I also find this very telling of how ridiculously formulated and stagnant high fantasy is. This is supposed to be a genre of as-far-as-your-imagination-takes-you, not of rules written in stone. The idea that you should just copy-paste some common template of how fantasy works is about as ironic as it gets.
Runs on Tropolium, baby!
Wow, this is hilarious... watching NW_Kohaku and Stove flail at each other like this, making every effort to ignore every constructive comment in favour of retreading the same tired irrelevant details over and over again. Well, it was hilarious anyways. Now its just boring.
The fact is, there are good reasons either way. There are common standards that say both are correct. Both of you are ultimately reducing it to "This is the way I've always thought about it, so this is the right way. This is the way it was introduced to me, so this is what I want."

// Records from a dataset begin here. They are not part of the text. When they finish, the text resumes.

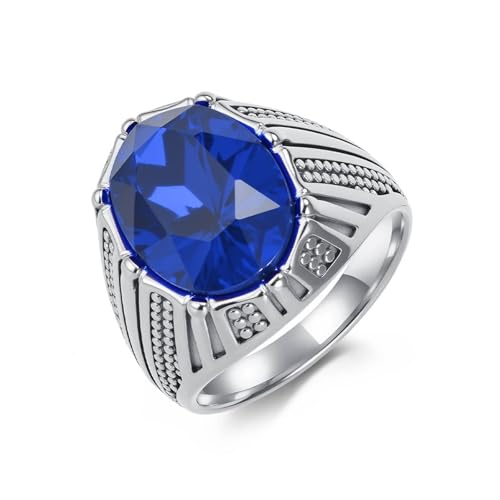 Men Engagement Ring Stainless Steel, 20MM Wide Signet Ring with Oval Blue Glass Stone, Silver, Size 12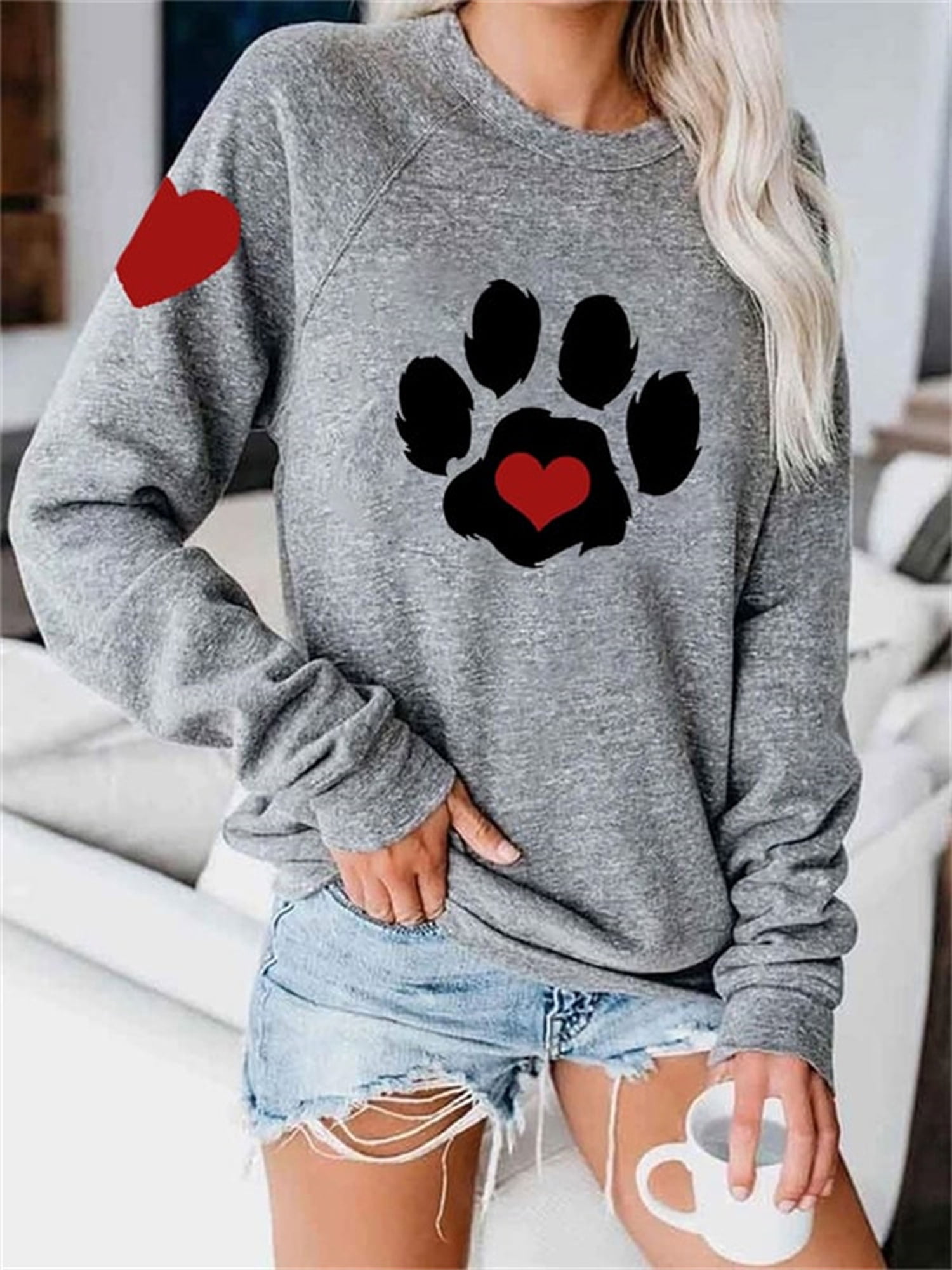 Dog paw print sweatshirt sale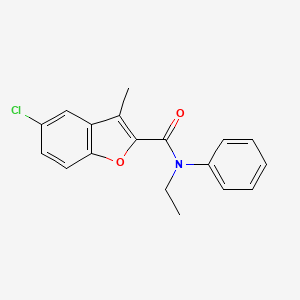 molecular formula C18H16ClNO2 B12199898 5-chloro-N-ethyl-3-methyl-N-phenyl-1-benzofuran-2-carboxamide 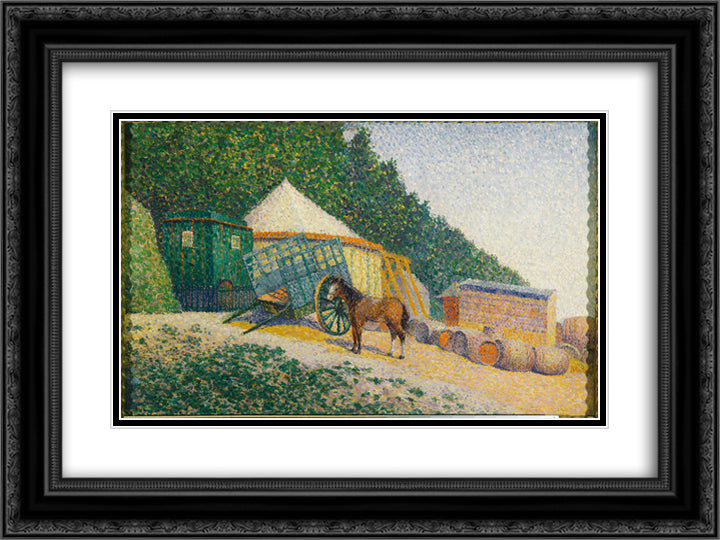 Little Circus Camp 24x18 Black Ornate Wood Framed Art Print Poster with Double Matting by Pillet Albert Dubois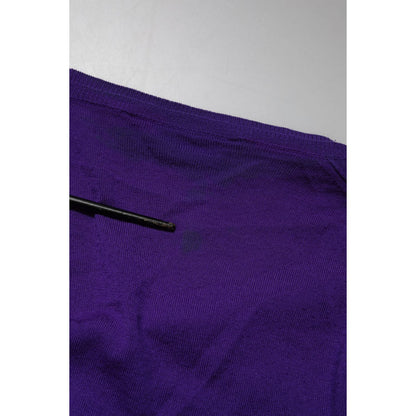 Dolce & Gabbana Purple Wool Knit V-neck Cardigan Sweater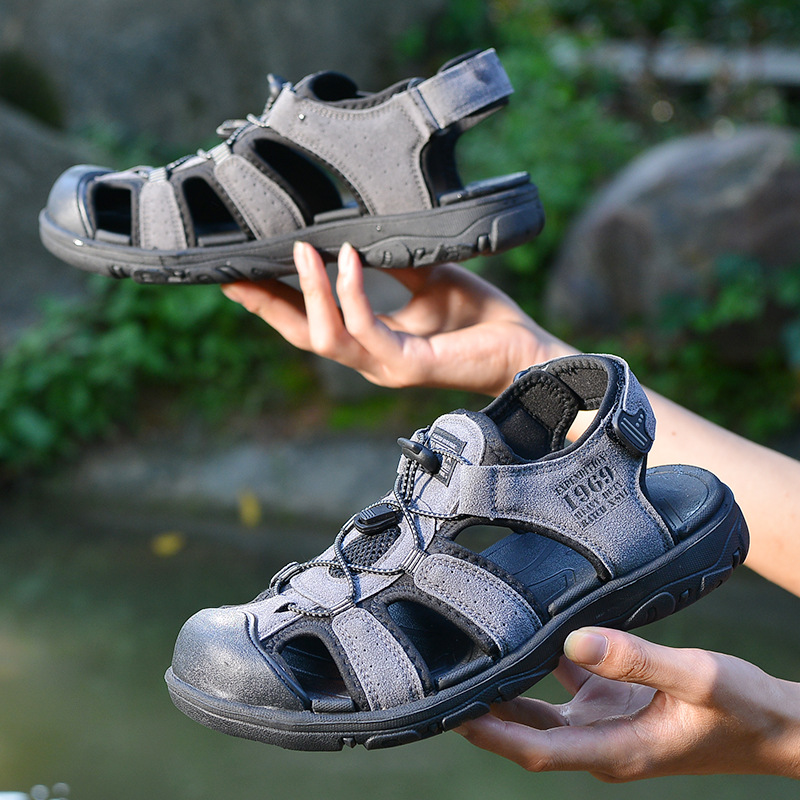 Summer Foreign Trade Large Size Sandals for Men, Trendy Outdoor Sports Non-Slip Wear-Resistant Youth Beach Shoes Wholesale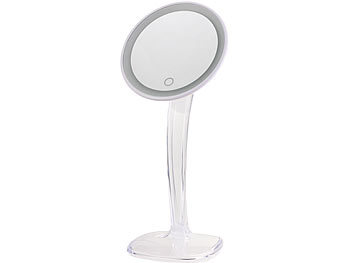 Sichler Beauty Kosmetikspiegel mit LED-Beleuchtung und Akku, 5-fache Vergrößerung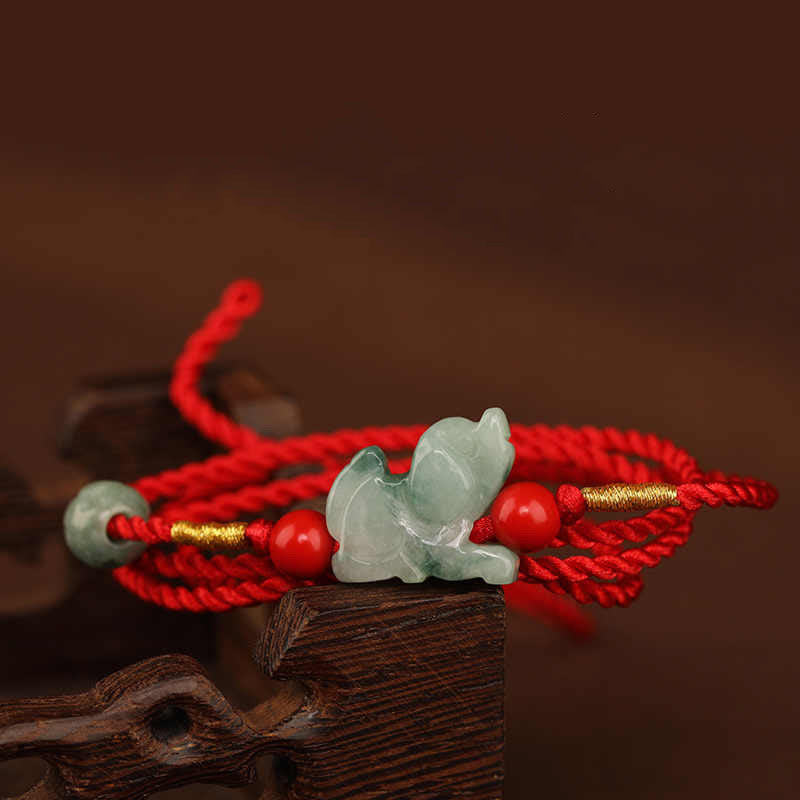 KarmaRipple's Jade Peace Buckle Blessing Red String Belly Chain p10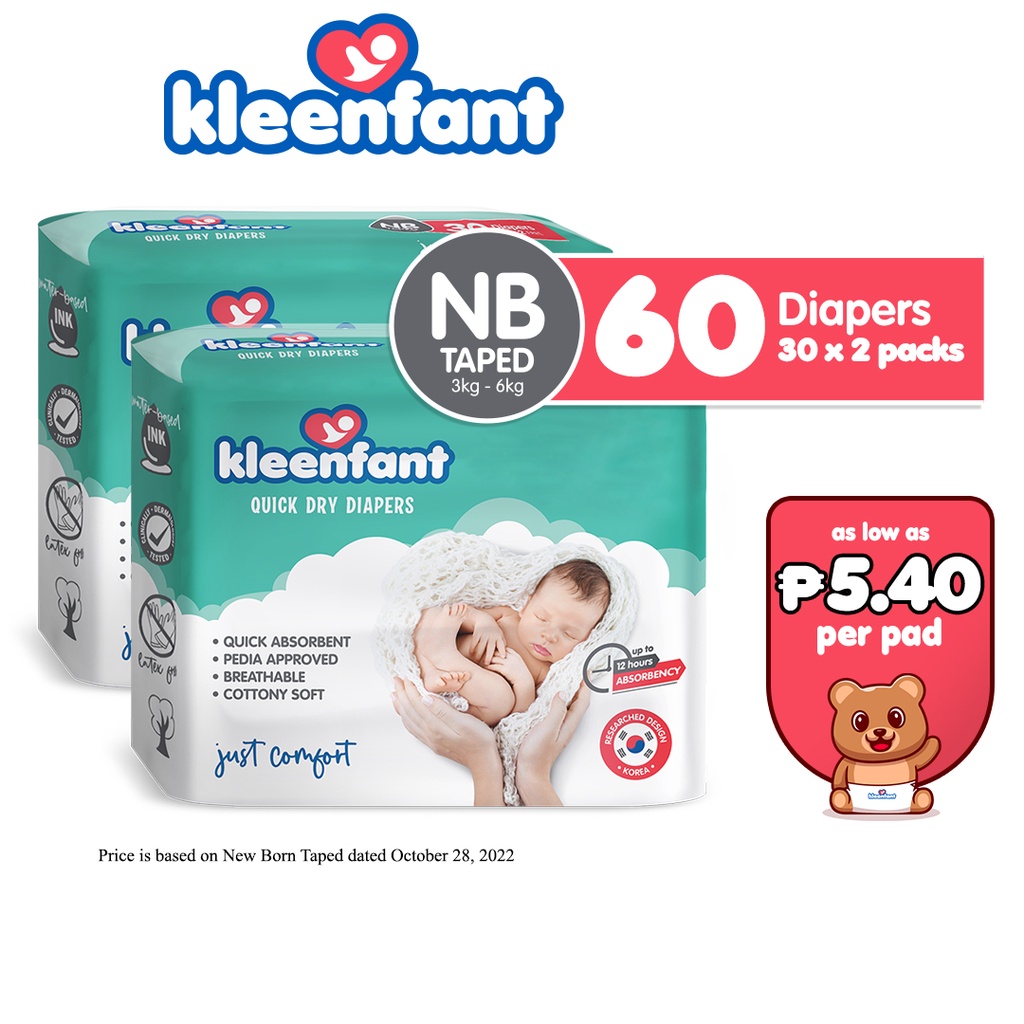 Kleenfant Diaper for Baby Taped Newborn Pack of 2, 60 pad Baby Needs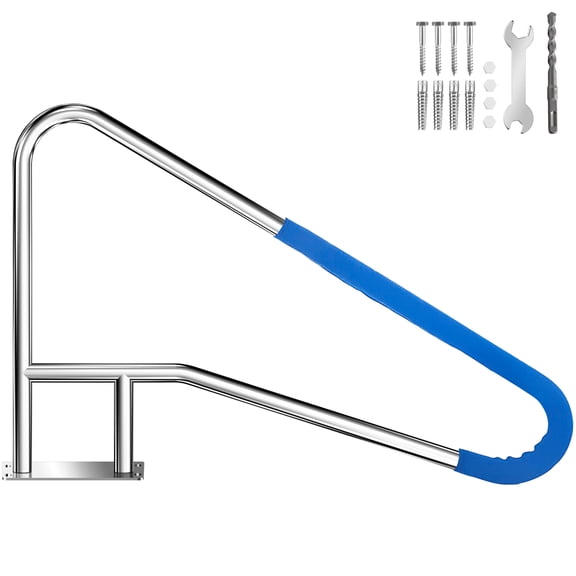 55"x32" Stainless Steel Pool Railing, Swimming Pool Handrail with Grip Cover and Quick Mount Base Plate, 300 lbs Load Capacity, Rustproof Pool Stair Rail for Inground Pools
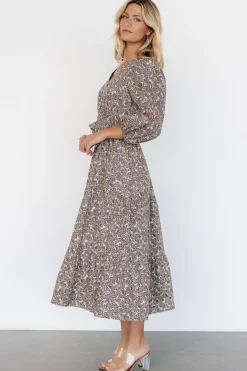 Baltic Born Leona Dress | Brown + Blue Multi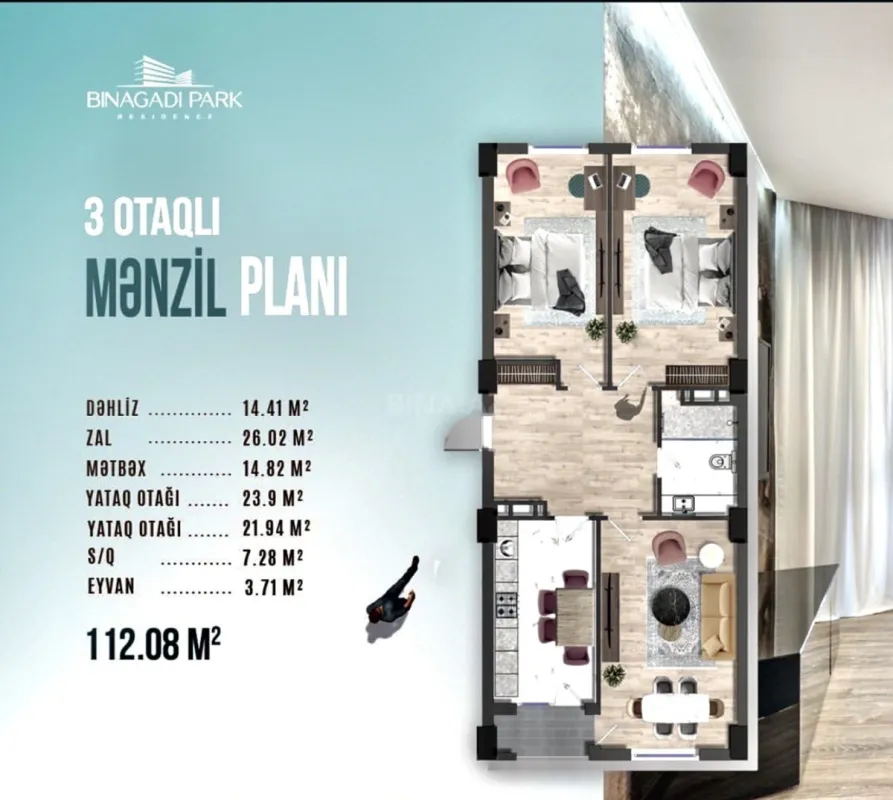Satılır 3 otaqlı mənzil 112.8 m²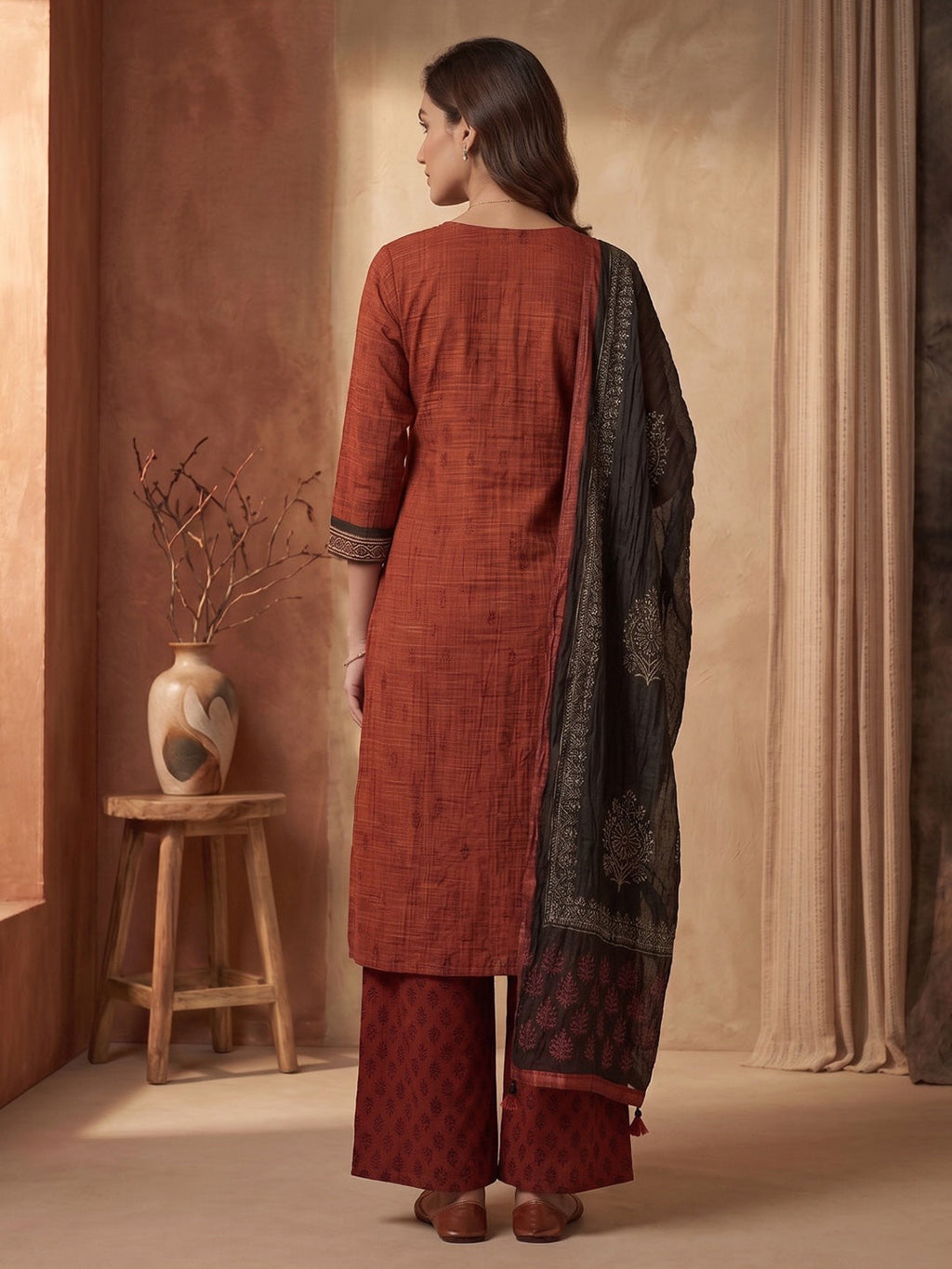 Red Printed Cotton Blend Kurta With Pant & Dupatta
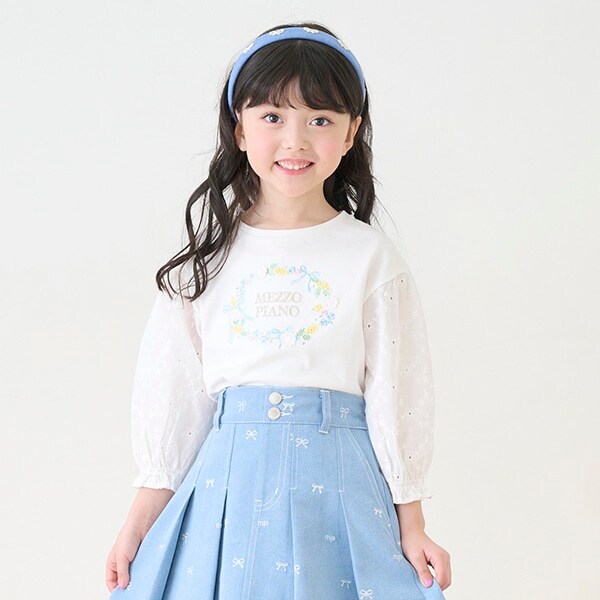 フラワーリース　7分袖Tシャツ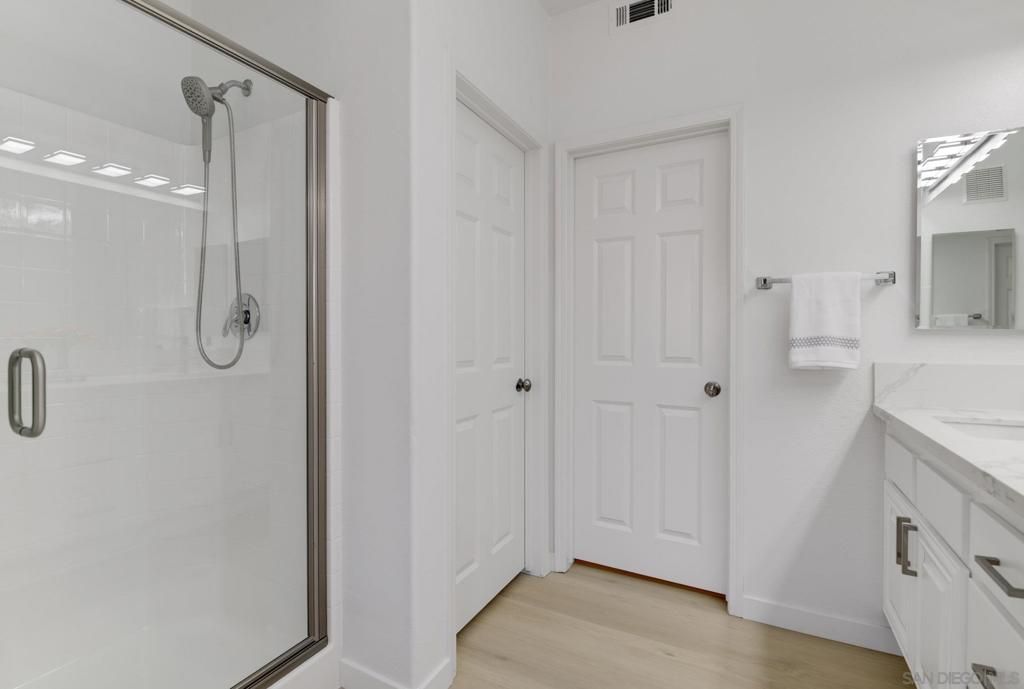 Bathroom, Glass Shower, Interior, Wood Texture Flooring
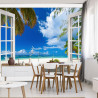 Fototapeta View From An Open Window To A Tropical Landscape.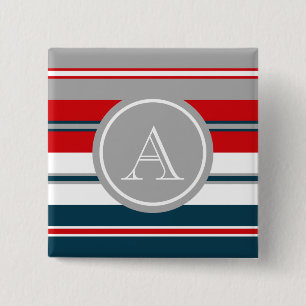 Monogram design pinback button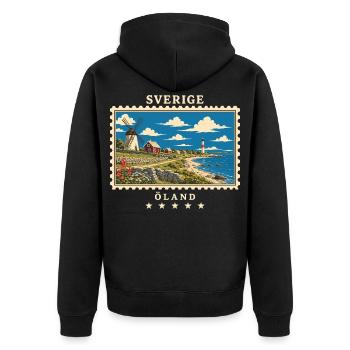 Schweden Öland Vintage Reisemarke - Unisex Premium Bio Zip Hoodie - Schwarz - Hinten - Nico (187cm)
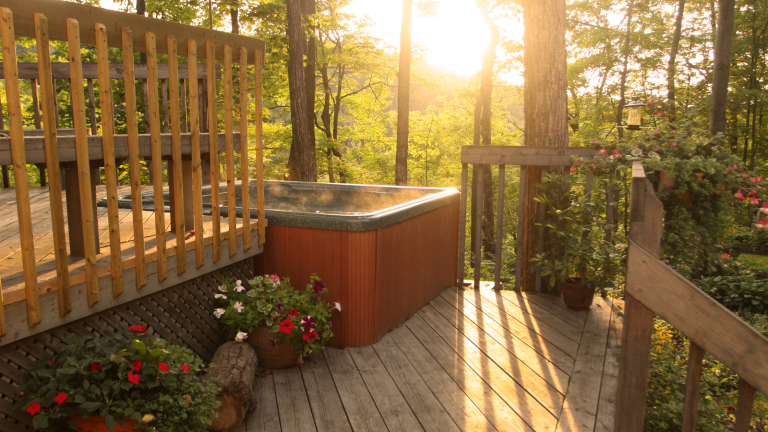 hot tub on a deck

So why don't we stop arguing about what it "should" be, and just explain why we want the one we want without making the assumption that the other side is composed of people who are somehow deficient?
Take care to avoid false equivalencies. I did go out of my way to
discuss such things before I just went into "deconstruct the other guy's argument" mode with Stove.
I remember in Thomas Friedman's "Hot, Flat, and Crowded", in the discussion of the debate over Global Warming that there was a quote (from who, I unfortunately cannot remember) that said, effectively, "A charlatain can say in one sentence something that takes a scientist three pages of evidence to disprove." (This in a section on why Al Gore was important in the Global Warming debate, because scientists are essentially not inclined to actually put their arguments into the public debate.)
I explained why I thought female dwarves should not have beards, but I do admit to learning it first that way.
Still, my argument against Stove is and always was that we shouldn't be declaring that we should remain locked in a notion that all dwarves must be bearded, or, oh, say, steampunk dwarves or grimdark dwarves for that matter. Therefore, Tolkien is irrelevant, if not something to conscoiusly strive to differentiate oneself from, as Cotes makes a point about.